On the other hand, there were also arias that really really worked! Oronte and Morgana were the two most engaging characters, probably in no small part because their subplot is arguably more interesting than the main plot with Alcina and Ruggiero. Oronte is a character that I have never really liked, but in this production he was maybe the biggest highlight, and, in a novelty to me, managed to be really funny and shockingly entertaining without compromising the overall serious tone of the opera.

The interpretation of Morgana in this production was also new and interesting to me.
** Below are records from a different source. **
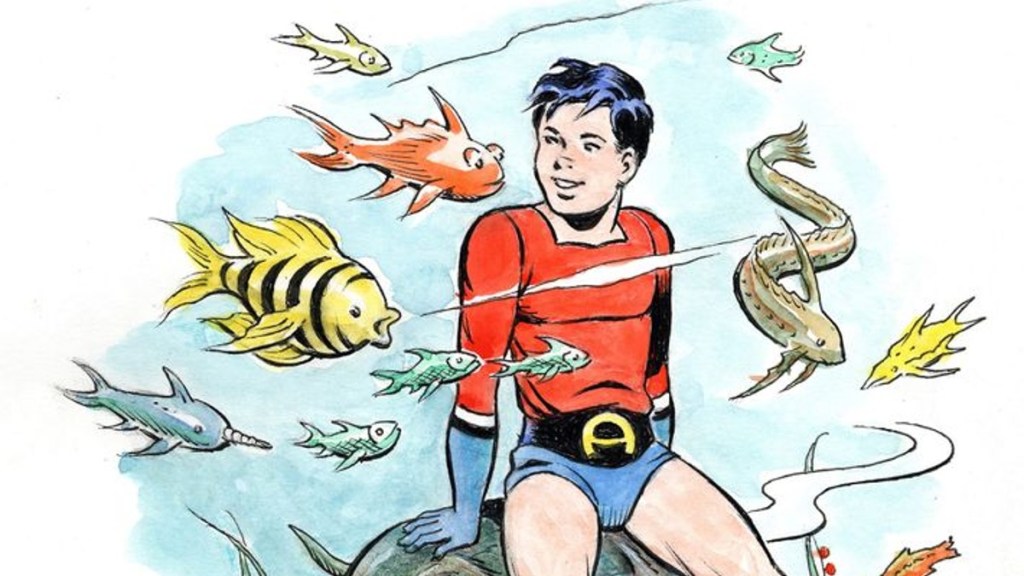 Aqualad by Ramona Fradon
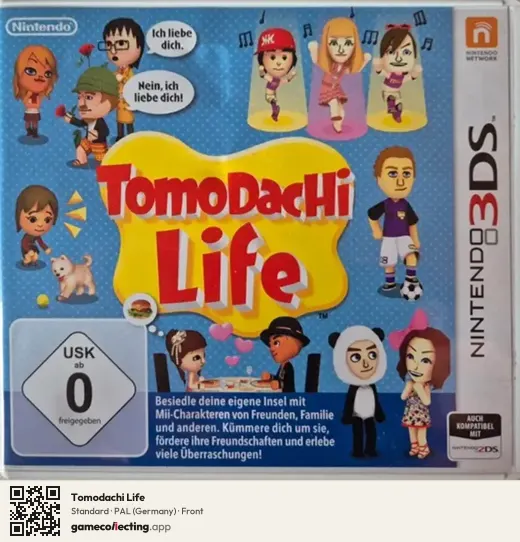 Tomodachi Life Nintendo 3DS, Germany box front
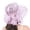 Pink, variant on Women's Floral Mesh Beach Hat Sunshade Sun Block Hat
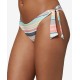 O’Neill Juniors’ Maho Cruz Striped Cheeky Bikini Bottoms, X-Large, Multicolor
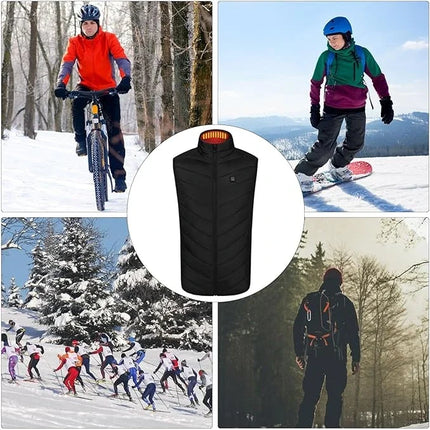 Heated Vest for Men and Women with Adjustable Temperature Control | Lightweight Layer for Warmth and Comfort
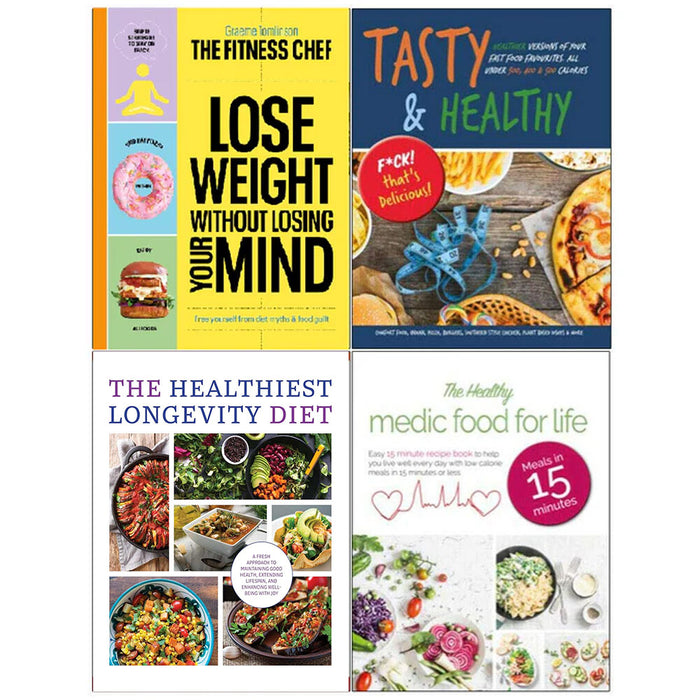 FITNESS CHEF, Tasty & Healthy, The Healthiest Longevity Diet, The Healthy Medic Food 4 Books Set - The Book Bundle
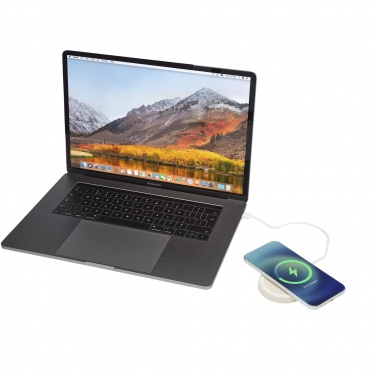 Logo trade promotional merchandise picture of: Naka 5W wheat straw wireless charging pad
I’ve seen her played very innocently, almost childishly sometimes, and, most notably, I have seen her played (and have typically interpreted her myself) as being as much a victim of Alcina as anyone else in the opera. (Which is why I’ve always felt that Morgana getting vanquished along with Alcina at the end is really unwarranted and unfair.) In this production, she was definitely still a more likeable and more fun-loving counterpart to Alcina, but she was also very clearly conscious of her own actions and had agency — she even carried around a sword in the first act, and used it! So this production loaded her with a bit more responsibility for her own actions, which at the same time lessened the villainous aspect of Alcina much in the same way reducing Oberto’s part did, since Alcina didn’t really seem to be excersizing any control over Morgana here.
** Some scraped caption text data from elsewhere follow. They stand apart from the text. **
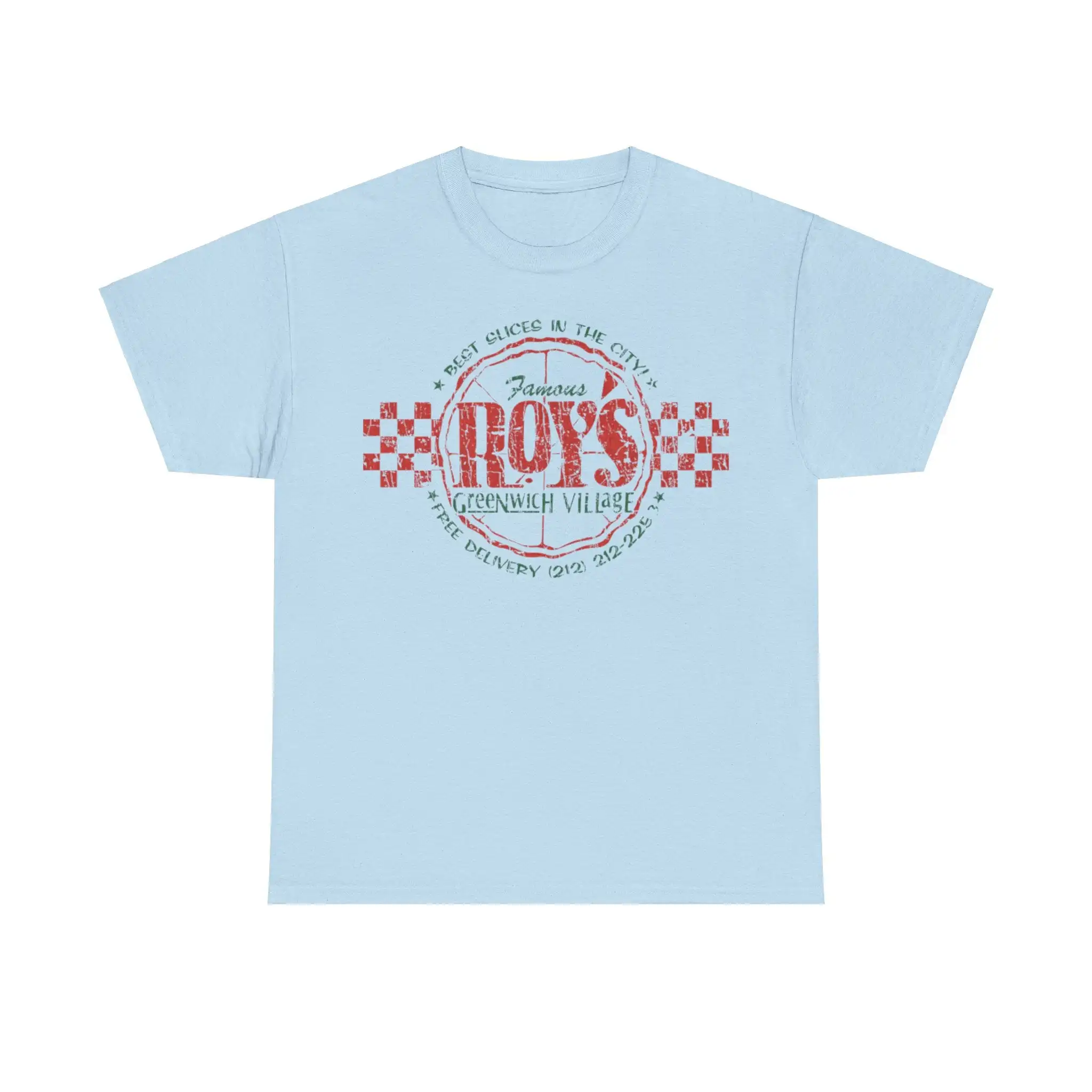 Famous Roys Pizza 1991 Restaurant Distressed Print T-shirt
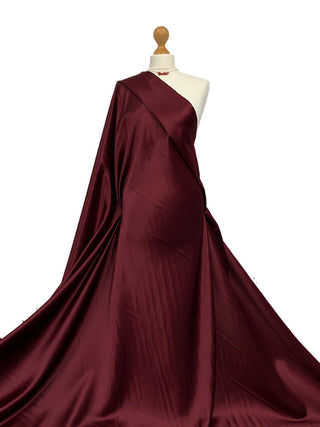Buy red-wine Duchess Satin Fabric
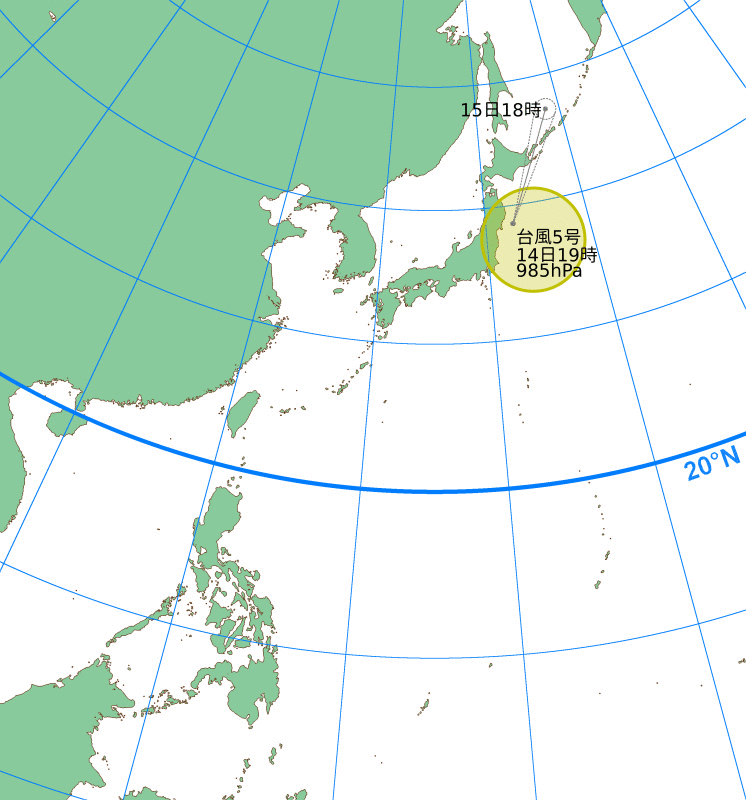 台風画像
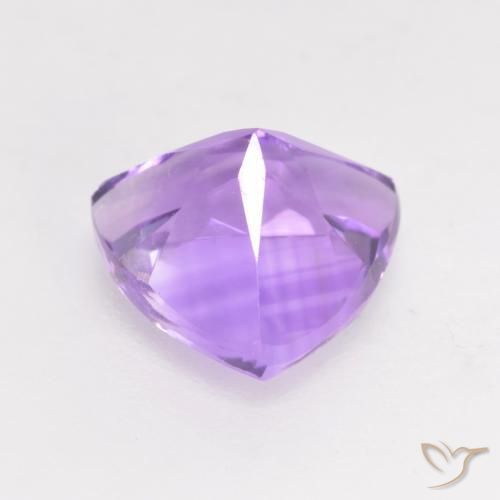 1.60克拉天然紫水晶，胖三角形，VVS-VS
All this considered, I still found Morgana the most likeable character in the opera, and I still feel her being vanquished at the end is undeserved. And I think it’s great that, between Morgana and Oronte, this production really managed to maintain two complex and morally ambiguous characters who were both still really likeable and fun to watch on stage, again without compromising the overall tone of the opera.

I don’t mean to diminish the other players. Bradamante, Ruggiero, Melisso, Oberto, and, of course, Alcina, as important pieces of this opera, and, considering the difficulties of Baroque opera previously mentioned, were about as well executed here as I’ve ever seen them. It was with Morgana and Oronte, though, that this production really went above and beyond, and I wish that Handel and Riccardo Broschi (the librettist), had given them the ending they deserve. I have said in the past that this opera does not deserve Morgana, and that Morgana deserves a better opera. This production confirms that for me, and adds Oronte to the list as well.